SQL Performance Analyzerでテスト工数を97%削減したケースも

 最後に、実際にSQL Performance Analyzerを活用して大きな成果を挙げた事例として、ある大手保険会社のプロジェクトを紹介しよう。

 このプロジェクトで対象となったのは、「新規契約」と「保険支払い」「業務端末管理」という3つのシステムである。SQLの数は、それぞれ2万5000、25万、1600であった。リテラルを使用したSQLが多いため、このように膨大な数となるが、実際のSQLの数は、これらの10分の1程度だと思われる。

 プロジェクトの内容は、Oracle Database 11.1.0.7を11.2.0.4にアップグレードするというものである。この中で課題となったのが、SQLの数を把握できないことと、性能変動がどの程度起きるのか判断できないため、チューニング工数を見積もれないことであった。

 そこで、同社はSQL Performance Analyzerを導入し、SQLのテストを行うことにした。実際の検証結果を見ると、テスト対象となった3システムの合計約28万のSQLのうち、文法エラーが発生したSQLは0.24%、正常に実行されたもののうち、実行計画が変化しなかったSQLが91.73%、実行計画が変化したのは8.03%で、そのうち5.37%のSQLの性能が向上し、0.62%は性能が変わらなかった。性能が低下したSQLは0.04%だったが、許容できないレベルだったのは、そのうちのわずか0.01%である。この結果から、アップグレードしても意外と性能劣化は起きないことが分かるだろう。

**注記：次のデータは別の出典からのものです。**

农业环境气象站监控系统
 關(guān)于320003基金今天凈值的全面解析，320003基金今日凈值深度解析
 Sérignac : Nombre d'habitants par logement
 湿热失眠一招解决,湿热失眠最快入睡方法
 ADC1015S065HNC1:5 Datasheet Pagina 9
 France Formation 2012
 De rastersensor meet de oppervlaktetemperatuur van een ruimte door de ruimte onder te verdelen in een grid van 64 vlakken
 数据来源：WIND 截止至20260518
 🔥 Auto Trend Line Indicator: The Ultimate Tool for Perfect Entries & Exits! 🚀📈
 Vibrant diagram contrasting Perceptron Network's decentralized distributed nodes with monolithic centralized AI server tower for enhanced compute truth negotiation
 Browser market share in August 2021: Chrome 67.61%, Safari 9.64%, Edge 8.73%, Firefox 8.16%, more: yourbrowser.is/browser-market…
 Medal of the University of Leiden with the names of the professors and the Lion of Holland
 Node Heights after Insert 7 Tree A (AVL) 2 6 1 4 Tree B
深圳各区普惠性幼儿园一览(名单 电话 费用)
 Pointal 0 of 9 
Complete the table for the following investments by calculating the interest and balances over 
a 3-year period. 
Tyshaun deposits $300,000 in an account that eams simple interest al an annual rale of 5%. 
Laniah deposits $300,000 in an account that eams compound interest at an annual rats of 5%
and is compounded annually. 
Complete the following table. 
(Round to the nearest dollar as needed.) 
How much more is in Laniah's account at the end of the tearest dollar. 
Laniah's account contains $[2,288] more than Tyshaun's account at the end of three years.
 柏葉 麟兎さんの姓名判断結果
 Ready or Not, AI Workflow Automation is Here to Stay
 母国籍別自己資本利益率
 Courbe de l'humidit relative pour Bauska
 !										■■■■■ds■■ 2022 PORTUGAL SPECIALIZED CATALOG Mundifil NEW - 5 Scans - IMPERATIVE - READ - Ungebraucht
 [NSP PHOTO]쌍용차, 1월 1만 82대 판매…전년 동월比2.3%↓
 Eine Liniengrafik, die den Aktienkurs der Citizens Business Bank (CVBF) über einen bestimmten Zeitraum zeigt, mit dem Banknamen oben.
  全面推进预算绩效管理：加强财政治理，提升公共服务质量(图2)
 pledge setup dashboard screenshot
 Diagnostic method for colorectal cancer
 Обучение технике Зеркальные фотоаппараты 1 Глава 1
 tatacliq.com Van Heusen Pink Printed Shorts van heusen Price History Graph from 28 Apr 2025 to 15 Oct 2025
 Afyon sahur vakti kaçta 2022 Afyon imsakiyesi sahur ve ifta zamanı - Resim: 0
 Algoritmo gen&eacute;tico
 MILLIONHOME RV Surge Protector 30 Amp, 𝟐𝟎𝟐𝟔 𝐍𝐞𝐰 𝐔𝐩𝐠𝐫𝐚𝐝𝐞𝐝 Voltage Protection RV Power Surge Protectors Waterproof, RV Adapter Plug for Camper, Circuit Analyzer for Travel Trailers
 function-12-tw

 SQL Performance Analyzerを導入した成果として、この企業では工数を97%削減できたとしている。当初、テストに188人月を見込んでいたが、SQL Performance Analyzerを利用したことにより、わずか4人月で同じテストを実施できたのである。

 ここまでに解説した通り、SQL Performance Analyzerを使えば、アプリケーション内に散在するSQLを見える化し、SQLを把握できていないシステムであっても本番環境でキャプチャーすることによって実際に使われているSQLを明らかにすることができる。

 また、それらのSQLを新旧環境で比較することにより、アップグレードによる性能面の影響を容易に確認することが可能であり、テスト工数の大幅な削減につながる。アップグレードプロジェクトで活用できるのはもちろん、索引の追加やパラメーターの変更などを行った際、SQLへの影響を調査するためのツールとして使える点も大きなポイントだ。

 アップグレードプロジェクトの成否を分けるSQLテストの効率化と精度向上に、ぜひこうしたツールもご活用いただきたい。

 以上、本企画では3回にわたり、Oracle Database 12cによるプライベートクラウド構築に向けたベストプラクティスを紹介した。Oracle Databaseには、クラウド技術を利用してデータベース環境を効率的に構築/運用することのできる実績のある手だてが、既に豊富に用意されている。これらをいち早く活用し、コスト効率と運用性に優れたプライベートクラウド環境を実現していただきたい。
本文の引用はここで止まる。